One of the more controversial elements of value investing is the purchase of distressed, or simply overstressed, names -- those that seemingly have been over-punished by the market. This is fraught with risk, and not for those with a weak stomach.
Earlier this week, I took a position in such a name, but this one brings with it even more controversy due to the nature of its business. Corrections Corp. of America (CXW) is one of the nation's largest owners of private correctional facilities. Now, "prisons for profit" have been extremely controversial, and this company in particular has a long but complicated history. As I wrote in June, it nearly imploded in the 2000-2001 era after converting to a REIT structure. In 2012, the company gave it another go as a REIT.
CXW shares plunged 35% on Aug. 17, when the Department of Justice announced that the Bureau of Prisons would phase out the use of privately run correctional facilities. This announcement did not affect other federal-related private prison contracts. However, it fits the political narrative espoused by the current administration and presidential candidate Hillary Clinton, who vehemently opposes for-profit prisons -- a stance that may be putting more pressure on the stock as Election Day approaches.
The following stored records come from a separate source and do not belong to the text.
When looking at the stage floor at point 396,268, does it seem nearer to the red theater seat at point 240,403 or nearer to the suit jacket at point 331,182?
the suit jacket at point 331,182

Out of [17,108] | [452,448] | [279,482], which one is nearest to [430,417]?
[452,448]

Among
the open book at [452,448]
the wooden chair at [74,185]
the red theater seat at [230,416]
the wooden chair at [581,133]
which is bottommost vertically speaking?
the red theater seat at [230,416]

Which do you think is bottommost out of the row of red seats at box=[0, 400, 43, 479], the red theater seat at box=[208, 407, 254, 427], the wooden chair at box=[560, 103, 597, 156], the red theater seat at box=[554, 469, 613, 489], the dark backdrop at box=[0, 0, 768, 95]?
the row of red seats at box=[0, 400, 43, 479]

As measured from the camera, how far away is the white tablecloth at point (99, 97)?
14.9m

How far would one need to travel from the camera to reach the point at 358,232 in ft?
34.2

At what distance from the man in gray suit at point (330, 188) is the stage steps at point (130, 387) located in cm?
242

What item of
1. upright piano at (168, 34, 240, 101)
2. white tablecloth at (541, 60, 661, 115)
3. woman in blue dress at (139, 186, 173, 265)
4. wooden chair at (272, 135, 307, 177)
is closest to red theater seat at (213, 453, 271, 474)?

Interestingly, just weeks after the Aug. 17 announcement, the Bureau of Prisons extended a contract with operator The GEO Group (GEO) to run a 1,900-bed correctional facility for an additional two years. Extricating itself from the reliance on the private sector may be easier said than done, especially with a $20 trillion national debt and still-wide budget deficits.
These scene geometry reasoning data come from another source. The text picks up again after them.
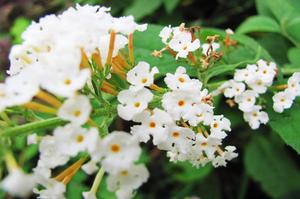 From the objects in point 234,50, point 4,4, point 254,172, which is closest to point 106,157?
point 234,50

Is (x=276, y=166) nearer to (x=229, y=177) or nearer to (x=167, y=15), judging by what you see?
(x=229, y=177)

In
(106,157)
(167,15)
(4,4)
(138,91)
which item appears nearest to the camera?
(106,157)

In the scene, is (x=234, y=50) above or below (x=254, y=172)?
above

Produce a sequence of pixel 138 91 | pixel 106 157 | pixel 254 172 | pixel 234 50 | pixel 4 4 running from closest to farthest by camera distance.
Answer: pixel 106 157
pixel 138 91
pixel 234 50
pixel 254 172
pixel 4 4

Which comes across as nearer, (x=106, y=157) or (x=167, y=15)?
(x=106, y=157)

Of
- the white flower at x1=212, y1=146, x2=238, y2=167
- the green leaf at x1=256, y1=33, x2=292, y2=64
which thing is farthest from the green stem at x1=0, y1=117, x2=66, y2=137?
the green leaf at x1=256, y1=33, x2=292, y2=64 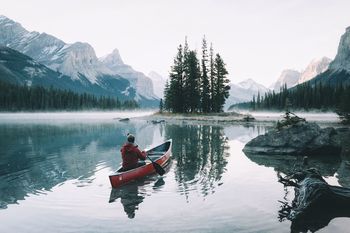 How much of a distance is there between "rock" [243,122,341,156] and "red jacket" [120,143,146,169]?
1281cm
Bureau of Prisons contracts represent just 7% of CWX's revenue, and while it appears the market overreacted to the news, the controversy is unlikely to end soon. At the state level, given still-strapped budgets, it is difficult to fathom an end to privately run prisons. States likely will continue to sign on with private operators as a cost-cutting move.
CXW does have considerable debt, at $1.45 billion. However it also has considerable real estate assets, owning or controlling 66 facilities. Granted, that's not prime real estate, but there is value there nonetheless.
While the stock currently yields around 16%, I fully expect that a cut is coming, and took a position with that opinion. CWX is already in cost-cutting mode, reducing headcount, and CEO Damon Hininger has forfeited $2 million in restricted stock units awarded in 2016.
It does not get any messier than a controversial company in a controversial industry. This is not the type of company to go all-in on; if you have the stomach for it, staggering into a position may be warranted. In addition, the next several weeks could be extremely volatile given the coming election, the results of which could provide even more headline risk.